What is expected
For this exercise, restate word for word only the lines from the one containing "138 El Prado" through the last line below. Pictures do not get copied.

======== Provided material ========

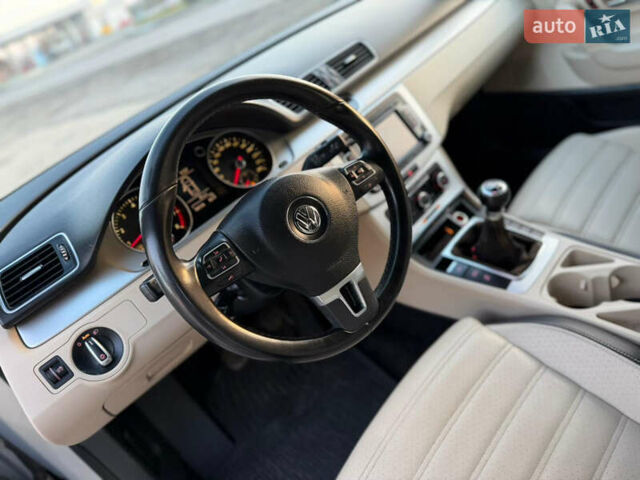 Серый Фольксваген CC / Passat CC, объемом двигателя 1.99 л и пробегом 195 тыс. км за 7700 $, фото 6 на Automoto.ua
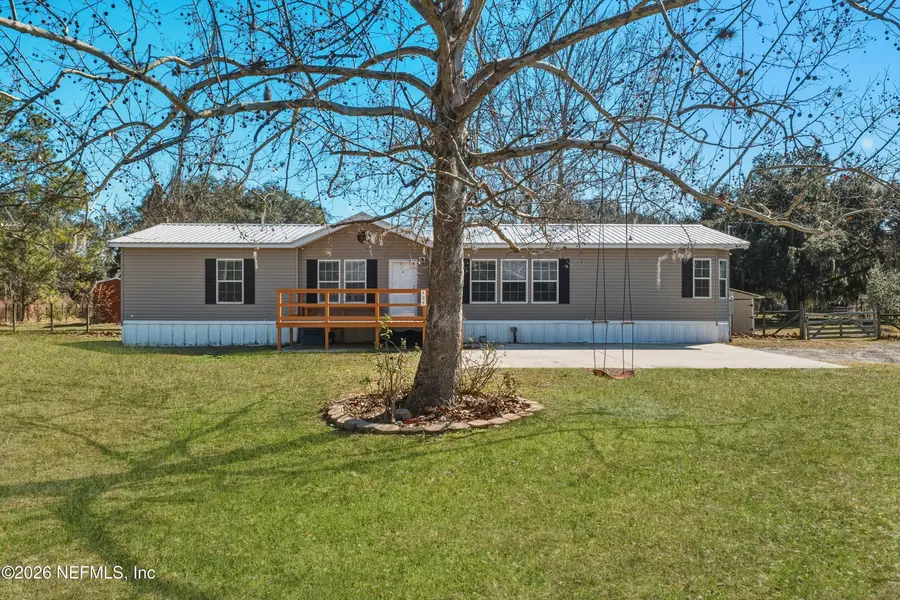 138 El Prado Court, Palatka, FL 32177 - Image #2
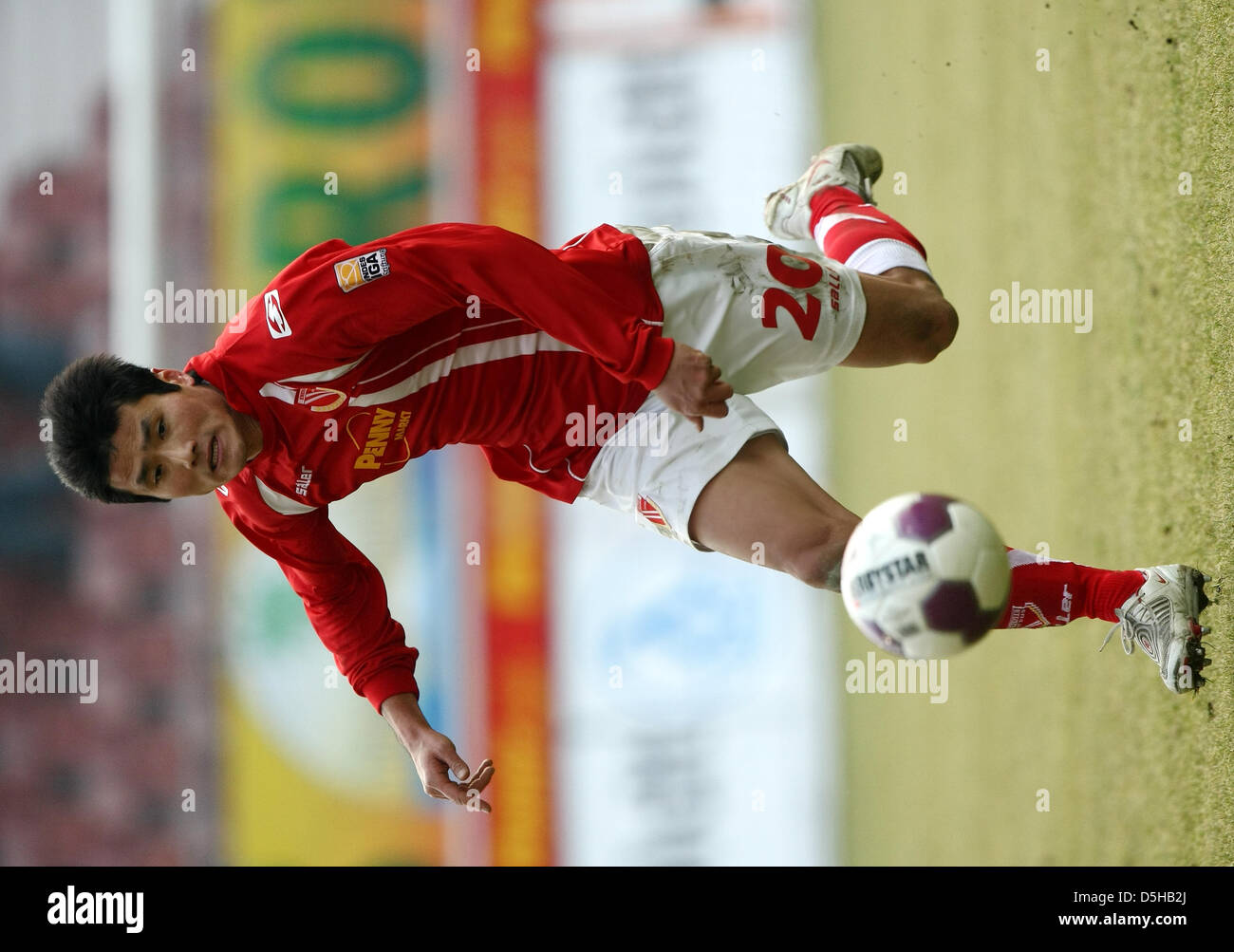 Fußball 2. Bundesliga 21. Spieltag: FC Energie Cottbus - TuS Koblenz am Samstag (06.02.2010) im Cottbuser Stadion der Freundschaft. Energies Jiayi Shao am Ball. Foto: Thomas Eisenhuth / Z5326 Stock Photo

========

Expected output
 138 El Prado Court, Palatka, FL 32177 - Image #2
 Fußball 2. Bundesliga 21. Spieltag: FC Energie Cottbus - TuS Koblenz am Samstag (06.02.2010) im Cottbuser Stadion der Freundschaft. Energies Jiayi Shao am Ball. Foto: Thomas Eisenhuth / Z5326 Stock Photo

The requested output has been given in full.